In late October 1574, Acosta returned to Lima, the capital city of the Viceroyalty. He had been summoned by Provincial Portillo to a prosecution by the Inquisition against the Dominican Francisco de la Cruz, who had arrived in Peru in 1561. Acosta was appointed qualifier of the Holy Office of the Inquisition in a case that ended with an auto de fe celebrated in Lima in April 1578, when Francisco de la Cruz was burned at the stake after six years in prison. It was a long process with political connotations that went far beyond the theological and doctrinal aspects: there was suspicion of a conspiracy of Lascasian tone during the Viceroyalty of Toledo (Abril Castelló 1992: 79 onward). Acosta accused Francisco de la Cruz of being ‘a devilish cunning Heresiarch’; indeed, the reason for condemning de la Cruz was his Erasmian tone, which was questioned in this trial. As we shall see in Chapter Four, these are matters that Acosta would analyse in the fourth and fifth book of his De Procuranda Indorum salute. The issue in question was de la Cruz’s stand regarding the knowledge needed for the salvation of the Indians. The charge of Lutheran heresy in the case of de la Cruz is linked to the Protestant doctrine of Justification solely by faith (Bataillon 1977: 173; Estenssoro 2003: 191).6 But accusations by the Inquisition were not exclusively made against the Dominicans. A Jesuit, Luis López, was imprisoned in 1578 as well; but, unlike de la Cruz, López did not go through an auto de fe and was not burned at the stake (Abril Castelló 1992). Very critical of Toledo’s regime, López was accused by Toledo himself of being one of de la Cruz’s collaborators and of introducing ‘false sects’ in Peru (MP II: 734). As a result of his good relationship with the Inquisition, Acosta gradually drew apart from some of the Jesuits in Peru. Moreover, his close ties with Viceroy Toledo aroused suspicion. Beyond these internal disagreements, the Society of Jesus was given a pre-eminent role by the royal authorities regarding the evangelization and indoctrination of the Indians in Peru, while the Dominicans were pushed into the background. The royal representatives expelled them in 1572 from the Chucuito Province.
José de Acosta’s provincialate in Peru (1576–81)
In 1576, aged thirty-five at the time, Acosta was appointed provincial, in replacement of Jerónimo Ruiz del Portillo. Being provincial entailed a yearly visit around the province and keeping detailed records of all the activities carried out in each of the residences by each of the individuals, meaning that Acosta was unable to continue teaching theology at the University of Lima.

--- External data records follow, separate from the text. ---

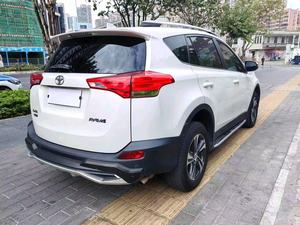 <span class=keywords><strong>Toyota</strong></span> <span class=keywords><strong>RAV4</strong></span> <span class=keywords><strong>2.0</strong></span> Fashion Edition 2015 Usata, SUV a Due Ruote Motrici con Cambio Continuo - Product Image 3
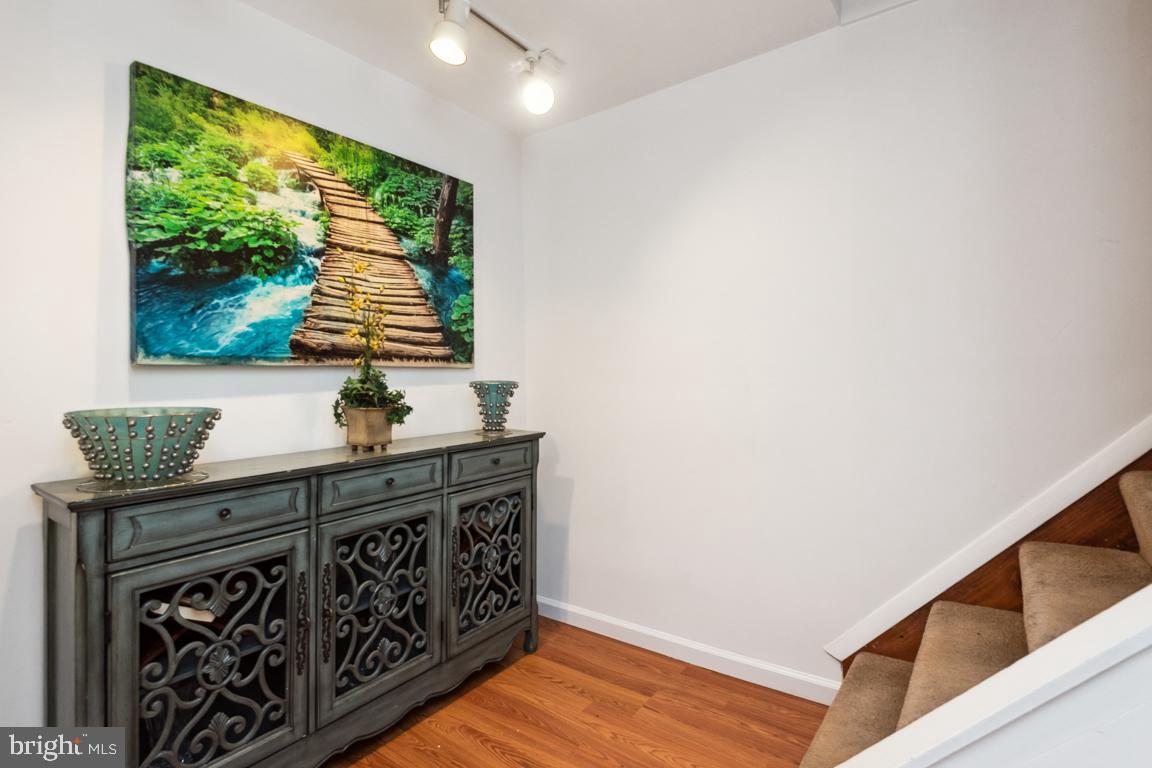 CROFTON SQUARE - Residential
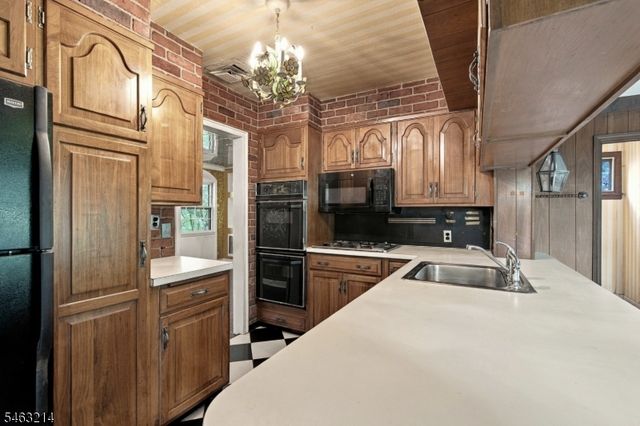 135 Voorhis Ave, River Edge Boro, NJ 07661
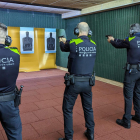 Imatge d'agents de la Guàrdia Urbana utilitzant la nova sala de formació de la policia local.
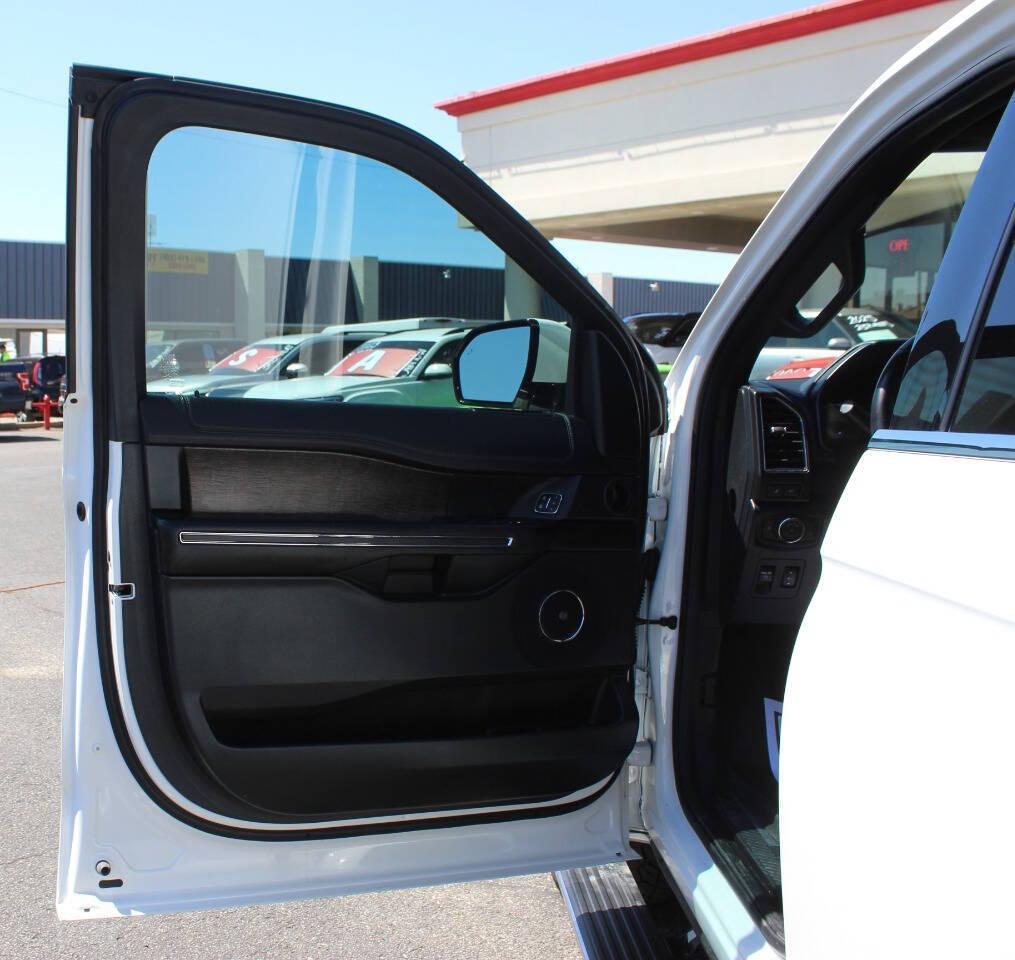 2021 White Ford Expedition (1FMJU1KT9ME) with an EcoBoost 3.5L Twin Turbo V6 375hp 470ft. lbs. 3.5L V6 engine, Automatic 10-Speed transmission, located at 4301 NW 39th , Oklahoma City, OK, 73112, (405) 949-5600, 35.512135, -97.598671 - NO DRIVERS LICENCE -NO FULL COVERAGE INSURANCE - NO CREDIT CHECK. COME ON OVER TO SUPERSPORTS, TAKE A LOOK AND TEST DRIVE. PLEASE GIVE US A CALL AT (405) 949-5600. NO LICENCIA DE CONDUCIR - NO SEGURO DE COBERTURA TOTAL - NO VERIFICACION DE CREDITO. VISITENOS EN SUPERSPORTS, MIRE NUESTRO - Photo#21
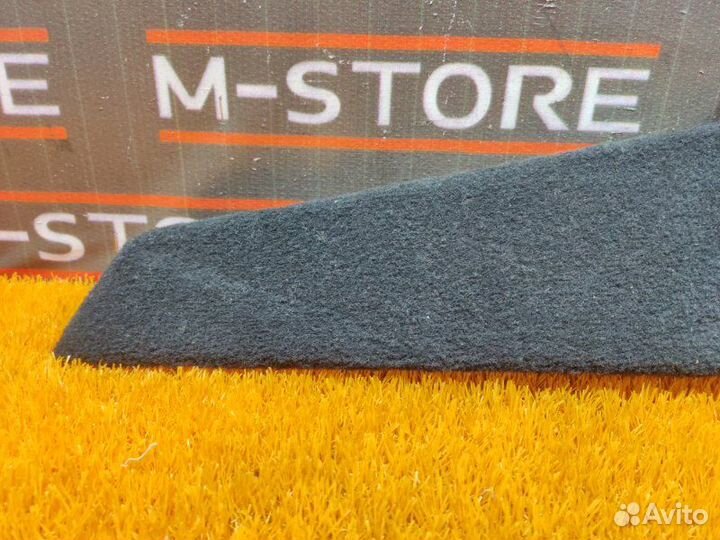 Накладка центральной консоли передняя правая Bmw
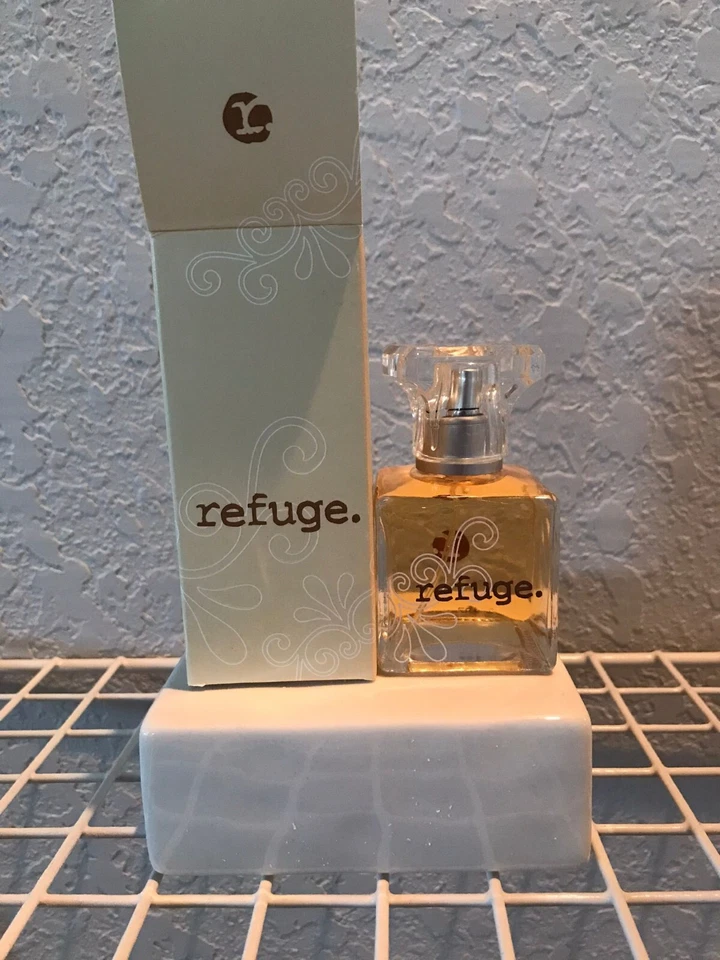 RARO DESCONTINUADO Perfume Charlotte Russe REFUGE NUEVO EN CAJA 1,7 oz Foto 1 de 1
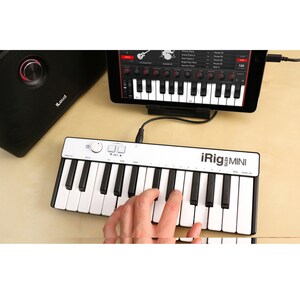 IK Multimedia iRig Keys Mini The 25 Key Universal Mini Keyboard Controller - White
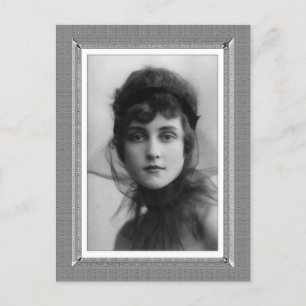 Vintage-Schönheit - Der Look - in Schwarzweiß Postkarte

He had started teaching at the university at Toledo’s request, interrupting his lessons at the Jesuit college in Lima.
In 1576 the Provincial Congregation of the Society was held. It consisted of two stages: the first in Lima, in January 1576, and the second in Cuzco, in October of the same year. The constitutions of the Congregation, signed by the secretary Luis López, contain an outline of several points later developed by Acosta in De Procuranda (MP II: 54–87; 201–05). Acosta had prepared a draft of this work for this first provincial congregation to set the basis for the Society’s evangelization project. The most outstanding Jesuit lenguas – a Spanish term referring to those who mastered the vernaculars – in Peru, Alonso de Barzana, Bartolomé de Santiago and the mestizo Jesuit Blas Valera, worked very intensively in Cuzco those days. But it was Barzana who mainly wrote the catechisms in Quechua and Aymara, the same ones that the Society used until the approval of the Doctrina y Catecismo para Instrucción de Indios, the Third Lima Council corpus. In a letter that General Mercurian sent to Alonso de Barzana on November 19 1576, Mercurian congratulates the latter for the Quechua lexicon he had composed – the Bocabulario – that would enable the fathers to learn the language. And the general also mentions how he found consolation in Barzana’s catechisms, both the brief and the greater. In that same letter, we find out that Barzana originally wanted to go to the China mission. However, in order to prove that Barzana belonged to the mission in Peru, Mercurian told him: ‘The vow you made to go to China, you have it well commuted in those lands – Peru – where there is more predisposition to preach the Gospel than in China’ (MP II: 37). At that time, there had been a succession of missionaries from different orders who had failed to enter China, until Michele Ruggieri succeeded in the early 1580s. Jesuit Barzana was one of Luis López’s fellows. They were together in the Cuzco, Potosí and Arequipa colleges, and López was his confessor as well. López had a difficult personality and was a nonconformist who had written some very critical ‘Chapters’ against Viceroy Toledo and the titles of Spanish domain in the Indias Occidentales (Mateos 1954: XV). As mentioned above, López was arrested by the Lima Inquisition and accused together with the Dominican Francisco de la Cruz in the same process, in 1573–76 (Mateos 1949: 150 onward).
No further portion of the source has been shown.